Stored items
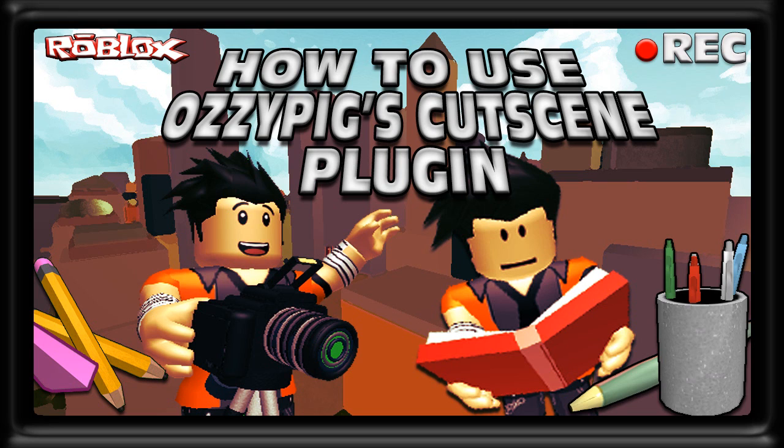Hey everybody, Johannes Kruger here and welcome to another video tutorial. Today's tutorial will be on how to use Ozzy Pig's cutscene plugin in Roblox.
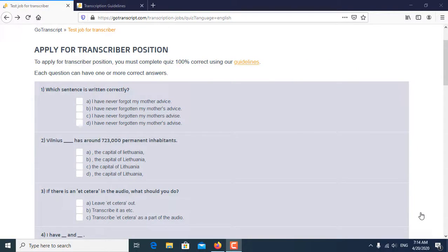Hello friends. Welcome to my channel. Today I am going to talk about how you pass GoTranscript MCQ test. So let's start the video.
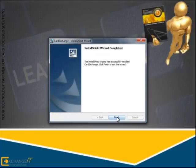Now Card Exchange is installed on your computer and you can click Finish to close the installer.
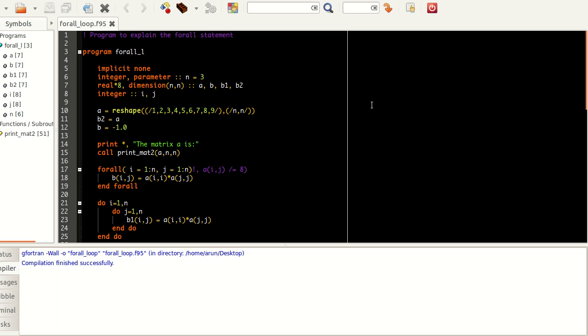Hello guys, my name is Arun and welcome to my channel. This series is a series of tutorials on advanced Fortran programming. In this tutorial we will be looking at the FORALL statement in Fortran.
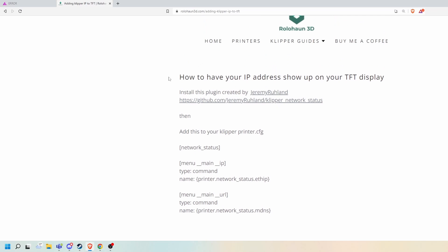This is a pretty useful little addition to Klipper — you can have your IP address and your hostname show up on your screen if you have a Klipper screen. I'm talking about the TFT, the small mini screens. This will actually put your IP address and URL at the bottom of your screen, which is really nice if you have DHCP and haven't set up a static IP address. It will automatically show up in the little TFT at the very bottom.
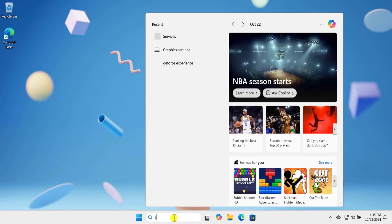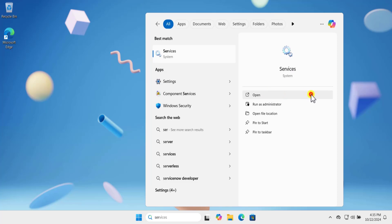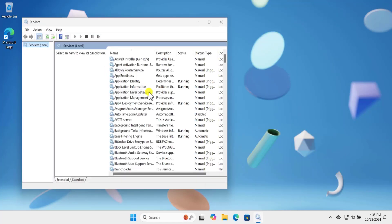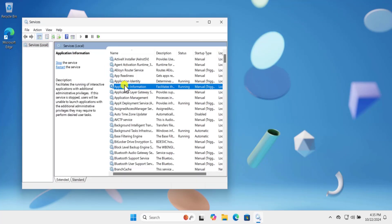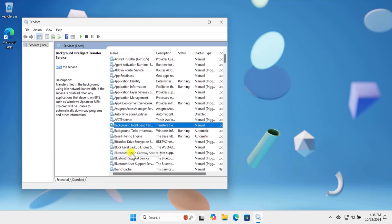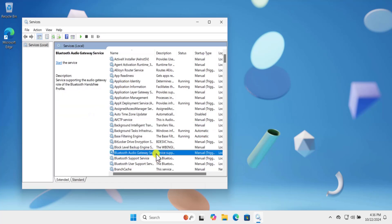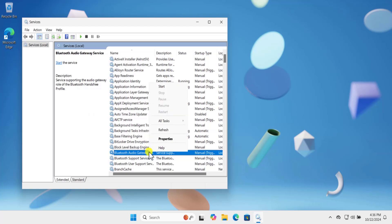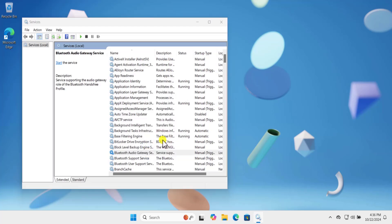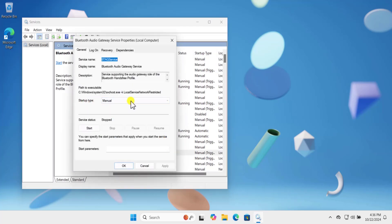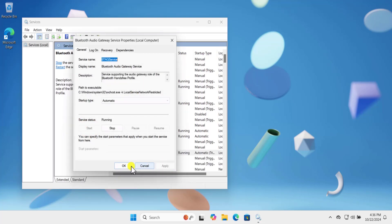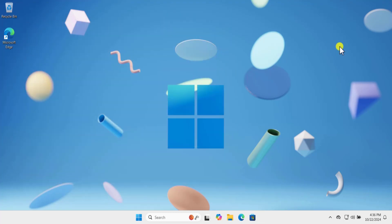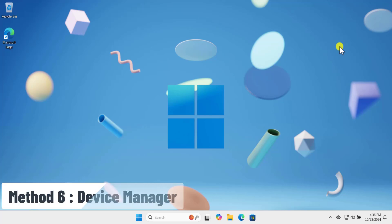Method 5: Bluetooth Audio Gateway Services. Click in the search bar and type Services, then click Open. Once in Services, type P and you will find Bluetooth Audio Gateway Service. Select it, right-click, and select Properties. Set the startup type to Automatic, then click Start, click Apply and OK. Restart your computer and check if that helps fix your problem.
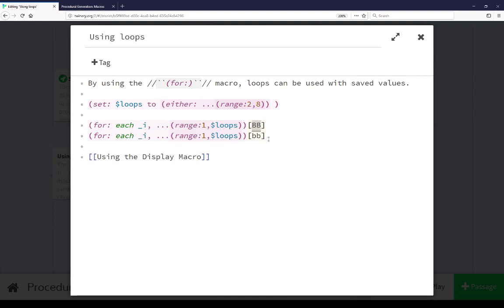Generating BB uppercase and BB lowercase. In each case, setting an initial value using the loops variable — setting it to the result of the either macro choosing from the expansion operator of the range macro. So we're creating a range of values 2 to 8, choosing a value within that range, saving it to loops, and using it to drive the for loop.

* Your instructions: A clean copy is needed of the lines above from the one with "Hello friends. Welcome" up to and including the one with "Hello guys, my". Please set it down exactly, with no pictures.

* Written response:
Hello friends. Welcome to my channel. Today I am going to talk about how you pass GoTranscript MCQ test. So let's start the video.
Now Card Exchange is installed on your computer and you can click Finish to close the installer.
Hello guys, my name is Arun and welcome to my channel. This series is a series of tutorials on advanced Fortran programming. In this tutorial we will be looking at the FORALL statement in Fortran.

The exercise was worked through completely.